Problem requirements » Filter the data below, keeping only lines that contain "during".

BEGIN

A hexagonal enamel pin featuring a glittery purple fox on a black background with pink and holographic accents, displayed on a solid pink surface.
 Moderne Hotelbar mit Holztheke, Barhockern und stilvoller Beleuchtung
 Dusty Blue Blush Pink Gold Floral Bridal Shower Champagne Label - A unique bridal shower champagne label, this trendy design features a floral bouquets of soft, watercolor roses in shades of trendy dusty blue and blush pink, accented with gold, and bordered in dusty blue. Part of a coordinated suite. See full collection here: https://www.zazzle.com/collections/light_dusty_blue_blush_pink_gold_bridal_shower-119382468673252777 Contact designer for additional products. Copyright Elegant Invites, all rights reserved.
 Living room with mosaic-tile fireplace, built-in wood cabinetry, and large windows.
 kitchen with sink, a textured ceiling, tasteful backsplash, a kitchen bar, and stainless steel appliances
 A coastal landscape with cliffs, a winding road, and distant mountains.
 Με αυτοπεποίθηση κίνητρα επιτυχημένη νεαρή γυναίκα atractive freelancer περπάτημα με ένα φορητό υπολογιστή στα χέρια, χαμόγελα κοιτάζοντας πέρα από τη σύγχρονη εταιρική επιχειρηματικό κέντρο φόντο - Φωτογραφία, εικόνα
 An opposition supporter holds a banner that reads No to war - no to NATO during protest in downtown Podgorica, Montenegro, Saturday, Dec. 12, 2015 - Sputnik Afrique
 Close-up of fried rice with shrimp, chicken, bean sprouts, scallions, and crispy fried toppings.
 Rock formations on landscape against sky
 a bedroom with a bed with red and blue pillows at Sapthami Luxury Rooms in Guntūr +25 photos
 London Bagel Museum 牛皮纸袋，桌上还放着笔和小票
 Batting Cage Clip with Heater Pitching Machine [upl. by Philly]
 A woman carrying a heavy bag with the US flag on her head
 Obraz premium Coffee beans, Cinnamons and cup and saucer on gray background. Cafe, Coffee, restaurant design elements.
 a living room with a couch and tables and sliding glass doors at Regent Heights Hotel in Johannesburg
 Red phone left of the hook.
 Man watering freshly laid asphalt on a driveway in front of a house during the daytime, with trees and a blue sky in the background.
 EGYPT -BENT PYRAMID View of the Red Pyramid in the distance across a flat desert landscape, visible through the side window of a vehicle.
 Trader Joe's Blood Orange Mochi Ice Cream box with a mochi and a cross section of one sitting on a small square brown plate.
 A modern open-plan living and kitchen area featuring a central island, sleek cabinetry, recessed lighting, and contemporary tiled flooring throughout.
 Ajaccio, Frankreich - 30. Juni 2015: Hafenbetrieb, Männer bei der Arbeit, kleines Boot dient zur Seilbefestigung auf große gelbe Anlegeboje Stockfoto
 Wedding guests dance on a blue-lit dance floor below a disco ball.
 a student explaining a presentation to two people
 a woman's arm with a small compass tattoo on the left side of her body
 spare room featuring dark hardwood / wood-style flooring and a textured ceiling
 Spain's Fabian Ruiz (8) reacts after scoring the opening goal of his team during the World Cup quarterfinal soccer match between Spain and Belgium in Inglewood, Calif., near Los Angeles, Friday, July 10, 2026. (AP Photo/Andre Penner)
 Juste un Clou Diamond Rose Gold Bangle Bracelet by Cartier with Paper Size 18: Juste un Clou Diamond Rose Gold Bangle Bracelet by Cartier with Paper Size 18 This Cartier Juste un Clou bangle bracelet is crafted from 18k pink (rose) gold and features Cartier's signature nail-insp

END

Finished exercise »
 An opposition supporter holds a banner that reads No to war - no to NATO during protest in downtown Podgorica, Montenegro, Saturday, Dec. 12, 2015 - Sputnik Afrique
 Man watering freshly laid asphalt on a driveway in front of a house during the daytime, with trees and a blue sky in the background.
 Spain's Fabian Ruiz (8) reacts after scoring the opening goal of his team during the World Cup quarterfinal soccer match between Spain and Belgium in Inglewood, Calif., near Los Angeles, Friday, July 10, 2026. (AP Photo/Andre Penner)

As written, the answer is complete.